Hoboken has an area of 1.97 square miles, so it probably doesn’t matter too much which point in Hoboken to use. New York City has an area of 472.43 square miles, so it does matter which point to use. It is not obvious which point it used, and it certainly did not use the closest point, but from other work, I believe it used City Hall or something close.

Although some sites will measure distance between two cities as driving distance, it is more common to use great circle distance, which is the shortest distance along the surface of a sphere. The earth is not exactly a sphere, but it is approximately a sphere.

Latitude and longitude is a coordinate system to describe any point on the earth’s surface. Lines of latitude are horizontal lines parallel to the Equator, and represent how far north or south a point is from the Equator. Lines of longitude represent how far a point is east or west from a vertical line called the Prime Meridian that runs through Greenwich, England. Both latitude and longitude are measured in degrees, which are broken down into smaller units called minutes and seconds. For convenience they are also expressed in decimal degrees. If D is degrees, M is minutes, and S is seconds, then the conversion to decimal degree uses D + M/60 + S/3600.

When we use trig functions to calculate distances, we need to convert decimal degrees to radians by multiplying by π / 180. We also need to know the radius of the earth which is 3963.0 miles.

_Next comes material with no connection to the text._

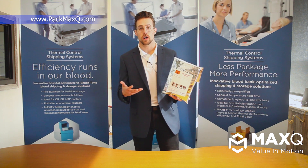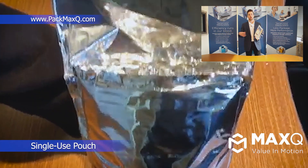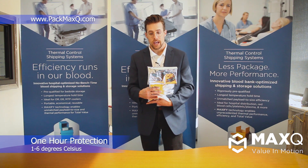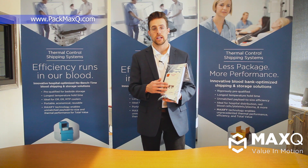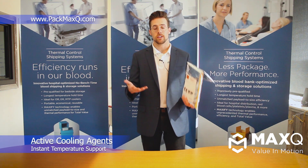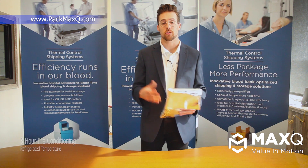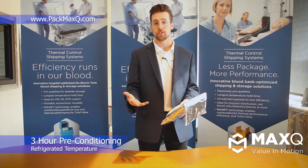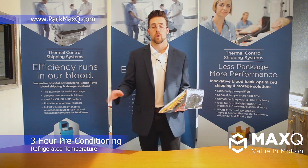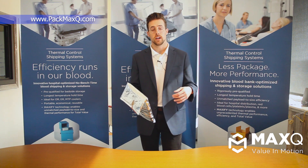The Stat Pouch is meant as a single-use product for issuing your single blood units from OR to the floor. It does provide one hour of 1–6°C protection, and the way the pouch works is it has some active cooling agents in the front and rear face of the pouch that provide instant cooling support.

If point A is (lat1, long1) in decimals and point B is (lat2, long2) in decimals, then the distance formula d is the great-circle distance on a perfect sphere using the haversine distance formula, which is derived from principles of three-dimensional spherical trigonometry including the spherical law of cosines. A haversine of an angle θ is defined as hav(θ) = sin2(θ/2), and this concept is used in the derivation.

d = ACOS(SIN(PI()*[Lat_start]/180.0)*SIN(PI()*[Lat_end]/180.0)+COS(PI()*[Lat_start]/180.0) *COS(PI()*[Lat_end]/180.0)*COS(PI()*[Long_start]/180.0-PI()*[Long_end]/180.0))*3963

As I mentioned, I used https://simplemaps.com/data/us-cities which contains cities with their latitude and longitude, and I applied the above distance formulas to pairs of cities. But I was still curious about the choice of a latitude and longitude for a particular city. That file lists New York City as (40.6943, -73.9249). Another website that finds a street address from a decimal latitude and longitude, https://www.mapdevelopers.com/reverse_geocode_tool.php , lists the address of (40.6943, -73.9249) as 871 Bushwick Avenue, Brooklyn, which is some distance from City Hall, but does not appear to be the centroid of New York City either. Wikipedia’s choice of latitude and longitude for New York City is 42 Park Row which is close to City Hall.

The following map from https://www.mapdevelopers.com/reverse_geocode_tool.php?lat=40.694300&lng=-73.924900&zoom=12 shows the approximate location of 871 Bushwick Avenue, Brooklyn.

I joined the dataset of locations with the populations of city propers from the second dataset, and I applied Ben’s three conditions. This produced 8 pairs of cities, and of course this list uses the first dataset’s choice of a city’s latitude and longitude and the distances resulting from that. Different choices of latitude and longitude produce a different list.

Of these pairs, I actually like Hialeah and Miami as the true twin cities. Besides meeting the original three criteria, they both share the same large ethnic population and they share a public transportation system.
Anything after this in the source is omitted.